Dalam bait lainnya kita melihat pasangan kata-kata dalam kedudukan sebagai
predikatif, tetapi tidak selalu simetris berdasarkan jenis katanya. Sungai dan
derai memang simetris karena keduanya kata benda, juga gantung dan sambung
adalah simetris karena keduanya kata kerja.
Akan tetapi, gairah dan resah tidak simetris karena gairah adalah kata
benda sementara resah kata sifat. Juga tahu dan waktu tidak simetris karena
tahu adalah kata kerja sedangkan waktu kata benda. Atas cara yang sama tanah
dan tunggu juga tidak simetris, karena tanah adalah kata benda dan tunggu kata
kerja.
Dekonstruksi bahasa
Suatu percobaan Sutardji lainnya yang patut dicatat ialah usahanya
mendistorsikan kata-kata dalam kode leksikal dengan makna yang jelas ke
bentuk-bentuk kata yang keluar dari kode leksikal sehingga tidak mempunyai
makna lagi. Frase seperti “sepisau luka sepisau duri” dapat kita pahami melalui
kode leksikal. Akan tetapi, oleh Sutardji perkataan “sepisau” dipelesetkan
menjadi “sepisaupa sepisaupi” yang sudah sulit dipahami dengan menggunakan
kamus.
Sepisau luka sepisau duri
sepikul dosa sepukau sepi
sepisau duka serisau diri
sepisau sepi sepisau nyanyi
sepisaupa sepisaupi
sepisapanya sepikau sepi
sepisaupa sepisaupi
sepikul diri keranjang duri
sepisaupa sepisaupi
sepisaupa sepisaupi
sepisaupa sepisaupi
sampai pisauNya kedalam nyanyi
Pelanggaran kategori terhadap jenis kata yang sangat sering dilakukan dan
distorsi bentuk kata yang kadang-kadang dilakukan, sangat mungkin telah
digerakkan oleh motif pribadi penyair untuk menerobos batas bahasa sehari-hari.
Sekalipun demikian, di banyak tempat penerobosan kategori dan distorsi bentuk
kata ini dilakukan untuk meningkatkan efek fonetik melalui pengerahan aliterasi
dan asonansi secara maksimal.
Dalam perasaan saya, semenjak Amir Hamzah hanya sedikit sekali penyair kita
yang sanggup memainkan bunyi bahasa dalam aliterasi dan asonansi secara kuat
dan efektif.

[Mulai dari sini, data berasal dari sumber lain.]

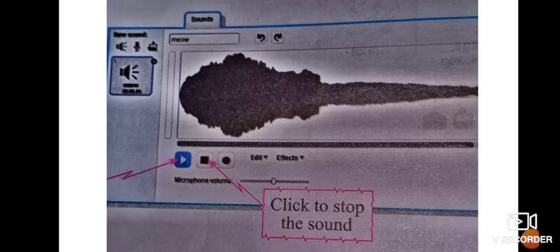Students, you can easily use the Sound Pane option in your script area as well. The Sound Pane is also useful for improving your sprite and your script area.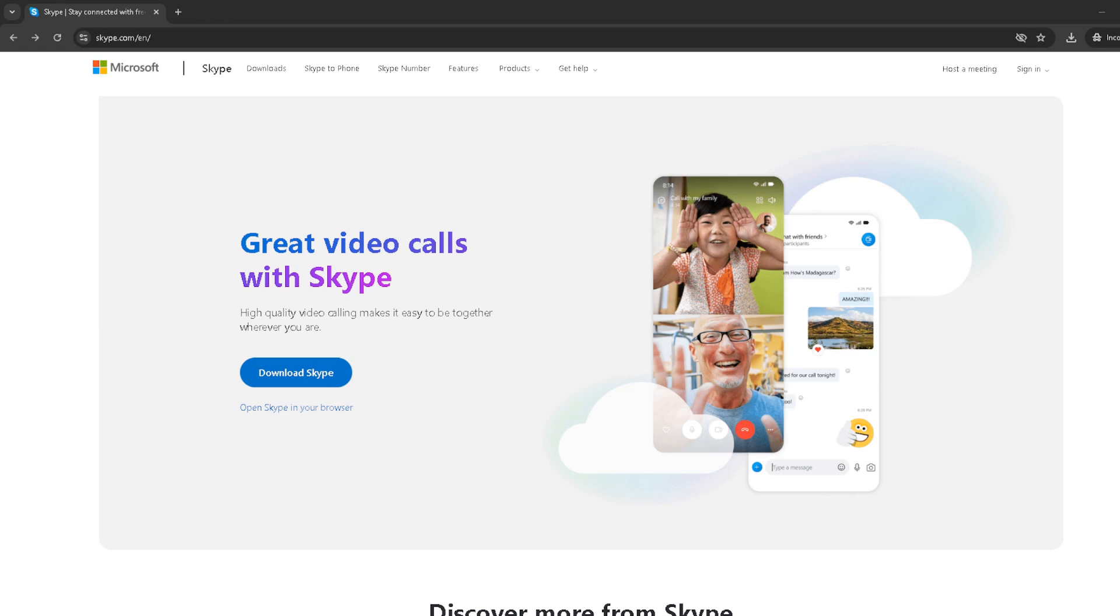First off, you'll want to navigate to the official Skype website. Once there, look for the option that says open Skype in browser. If you aren't already logged into your account, you'll need to sign in.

Sutardji jelas salah satu dari yang sedikit itu, dan salah satu
yang paling berhasil dalam memainkan bunyi bahasa.
Untuk mengambil sebuah contoh saja:
Rasa dari segala risau sepi dari segala nabi tanya dari segala
nyata sebab dari segala abad sungsang dari segala sampai duri
dari segala rindu luka dari segala laku igau dari segala risau
kubu dari segala buku resah dari segala rasa rusuh dari segala
guruh sia dari segala saya duka dari segala daku Ina dari segala
Anu puteri pesonaku!
datang Kau padaku!
Kalau gairahnya untuk bunyi bahasa menyebabkan dia menerobos
kategori-kategori jenis kata, maka kesukaannya pada visualisasi sajak dalam
tipografi yang unik menyebabkan dia sering mempersetankan aturan-aturan ejaan
yang berlaku. Sutardji menulis kata berulang tanpa pernah menggunakan tanda
sambung (-) dan pengulangan itu pun bisa dilakukan lebih dari dua kali. Dengan
ringan saja dia menulis “kakekkakek,” “bocahbocah,” atau “terkekehkekeh.” Atau
“minumminum,” “senyumsenyum,” “jingkrakjingkrak” dan “nyanyinyanyi.”
Jadi rupa-rupanya, dalam pandangan Sutardji, yang harus diterobos bukan
saja makna kata-kata yang dibakukan dalam kamus, tetapi juga bentuk fisik
kata-kata yang dibakukan dalam ejaan. Penyair seakan mencium bau kolonisasi
dalam sistem ejaan. Karena, seperti halnya makna kata-kata, sangat mungkin pula
bentuk kata yang diatur dalam ejaan telah dipaksakan oleh kepentingan politik,
kebutuhan pasar, serta kecenderungan-kecenderungan tertentu, yang tidak selalu
menguntungkan pemakaian bahasa secara efektif.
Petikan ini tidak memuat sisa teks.